Last reviewed: 12/15/2011

HOW Article ID: H121102

The information in this article applies to:

  • SpeechKit 7

Summary

SAPI 5 provides automatic audio conversion for TTS audio but SAPI 4 and most native APIs do not. The ChantTTS class can automatically convert audio format for these APIs.

Voices generate audio in specific formats such as 22kHz 16-bit mono.
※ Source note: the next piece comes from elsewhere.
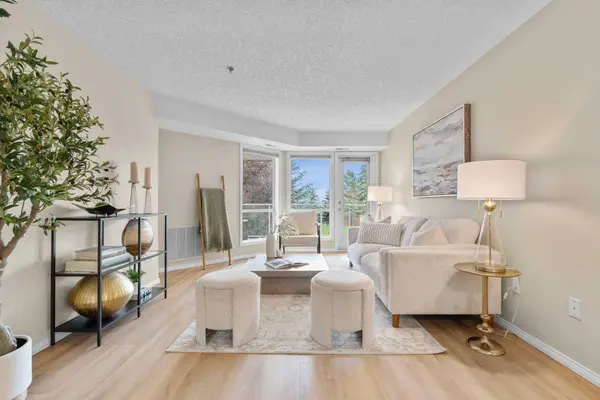 1818 W Simcoe BLVD SW #1203
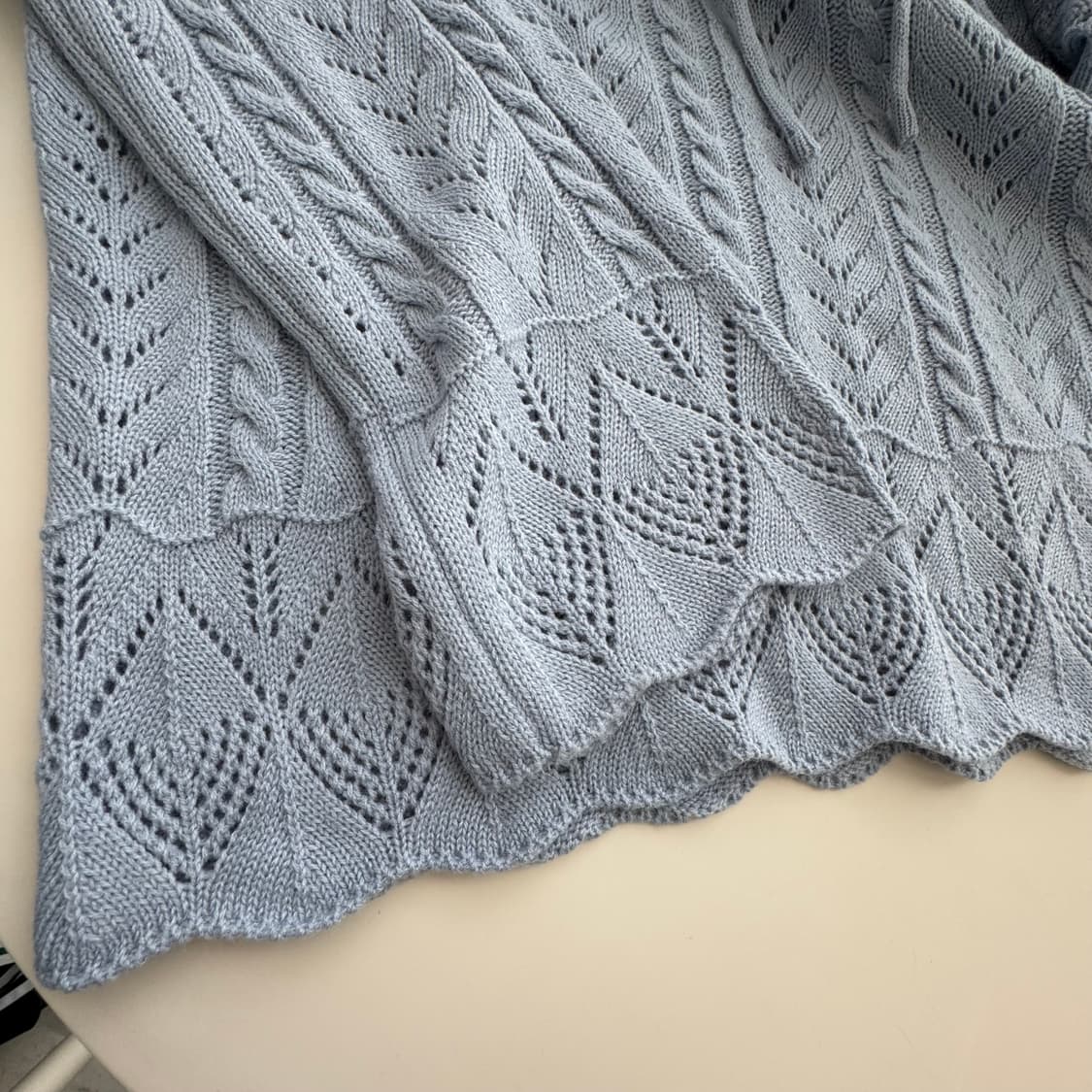 넘 예쁜 블루 리본 펀칭 긴팔 레이스 니트 여리핏 거의새것 상품이미지3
Applications may need the audio format in alternative formats such as 16kHz 16-bit mono to stream over the internet or 8kHz 8-bit mono to playback over telephony connections.

More Information

The ChantTTS StartPlayback method enables the application to generate synthesized speech in a variety of formats regardless of the voice generated audio format.

If the voice is a SAPI 5 voice, SAPI 5 converts the audio generated by the voice. For SAPI 4 and other native TTS APIs such as Acapela BabTTS, Cepstral SWIFT, Nuance RSSolo, and Nuance Vocalizer, the ChantTTS object will convert the audio. The application can freely switch voices and produce the same audio format for playback.

The following examples illustrate using the StartPlayback method to synthesize speech and playback audio.

// Instantiate ChantTTS object
NChantTTS1 = new NChantTTS();

// Synthesize text to speech and save to a wave file
NChantTTS1.StartPlayback("Hello world", ChantPlaybackObject.CPOText, "myoutaudiofile.wav", ChantPlaybackResult.CPRFile, ChantAudioFormat.CAF16kHz16BitMono, ChantPlaybackStyle.CPSAsynchronous);

See the Chant SpeechKit 7 help file for more synthesis examples.